The patent laws of the time were flawed. By introducing any small change to the original design, the resulting new version would not be covered by the original patent. This meant that others could steal his invention with impunity, which of course they duly did. Fowler’s son Hugh writes in 1875:
“Unfortunately the invention was soon pirated in all directions. The only remedy was costly legal proceedings, but even if he had had the means to conduct them, success would have been doubtful.”
Fowler became very embittered by this experience and this had an unfortunate side-effect on the history of computer science.
(It is worth noting that the Romans had a convective heating system called the Hypocaust. However, there are fundamental differences. Firstly, heat was conveyed by hot air and secondly, it was not a closed system. The hot air, having passed through channels under the floor, then was allowed to escape into the atmosphere.)
In 1835 Fowler became the Treasurer of the Poor Law Union and partner in the bank Messrs.

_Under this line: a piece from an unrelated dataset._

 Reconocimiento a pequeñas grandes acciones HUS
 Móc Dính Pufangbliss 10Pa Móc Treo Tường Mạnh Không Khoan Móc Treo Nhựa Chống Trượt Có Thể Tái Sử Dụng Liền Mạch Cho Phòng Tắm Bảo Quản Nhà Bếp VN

Loveband & Co. in Torrington. The tedious nature of the calculation of payments for each of the parishes, which was one of his responsibilities, led him to attempt to automate the calculations by the use of tables, and then to devise his astonishing ternary calculator.
Fowler’s talents were recognized by some prominent people in and around Torrington (including Lord Clinton) who did everything they could to encourage him in his work and bring his inventions to public notice. He was also an organist at the parish church.
Thomas Fowler died on 31 March 1843, of dropsy of the chest.